Another, somewhat indirect, benefit to life of sunlight is heat. Without sunlight, Earth would be much colder. For example, parts of Pluto are as cold as -240°C (-400°F). Even farther out in space, the temperature drops to -270°C (-454°F). At these low temperatures, any liquid water would freeze.

Liquid water has many properties important for life, and (so far) there are no known organisms which do not require water. It is possible to imagine that life could use some other solvent which does not solidify at these temperatures, but none are currently known.

Also, there are a few organisms which can survive periods of extreme cold and without liquid water (notably tardigrades), but do so by becoming dormant; that is, they no longer carry out the typical operations of "living". Note though that getting heat from sunlight is not a requirement for life.

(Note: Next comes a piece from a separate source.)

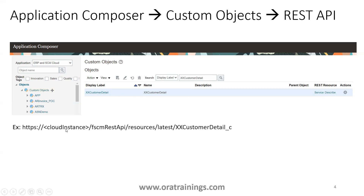The web service URL for a custom object follows this format: your Cloud ERP instance URL, followed by /fscmRestApi/resources/latest/, followed by your custom object name with an underscore _c suffix. This is also your table name. When you create a custom object it doesn't show underscore _c in the UI, but in the metadata tables the object name has _c appended — and the same applies to the REST API name.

An environment kept warm through other means could also support life. This is the basis of some thoughts on how life might survive on rogue planets (i.e., planets without a sun). On Earth though, that energy is probably related to the sun and sunlight (exception: nuclear energy).

[Also see these ScienceLine - questions. ]

Answer 3:

In the depth of the ocean where the sunlight can never reach, there are openings on the seabed called hydrothermal vents. Sea water can come in and get heated. The hot water leaves the vent and often carries chemicals. There are some bacteria live off those chemicals. In turn, clams and shrimps eat those bacteria. It turns out that there are a lot of animals and bacteria that live without sunlight.


Answer 4:

There are organisms in the deep sea that do not need sunlight to survive and proliferate. For instance, there are microbes that use minerals dissolved in the waters near deep sea vents. There are worms and small insect-like creatures that feed on the microbes, and these worms and creatures also do not need sunlight. Researchers are still discovering new organisms that live in the deep sea without need for sunlight, and we have not yet researched much into organisms in deep caves and other places without sunlight.


Answer 5:

In theory, anything can live without sunlight.Even plants that live on light only require light of the same colors as sunlight - it does not actually have to be from the sun.

We often say that life requires sunlight because the sun is the source of almost all power on Earth (what little that isn't solar is geothermal). Without the sun, most of life would indeed die, because there wouldn't be enough energy (and because the Earth would freeze), but it's all because of the amount of energy that the sun supplies, not that it is the sun that is providing said energy.


Answer 6:

Everything except green plants can live and grow without sunlight. Plants get energy from sunlight to do photosynthesis, but the rest of us can't do that - animals and mushrooms and such.


Answer 7:

Creatures live without sunlight deep beneath the surface of the sea. Tube worms, crabs, fish, shrimp, and 100s more species live at underwater hydrothermal vents The water at vents can be hot enough to melt lead. The vents release toxic chemicals. Bacteria make food from the chemicals released from the Earth's core.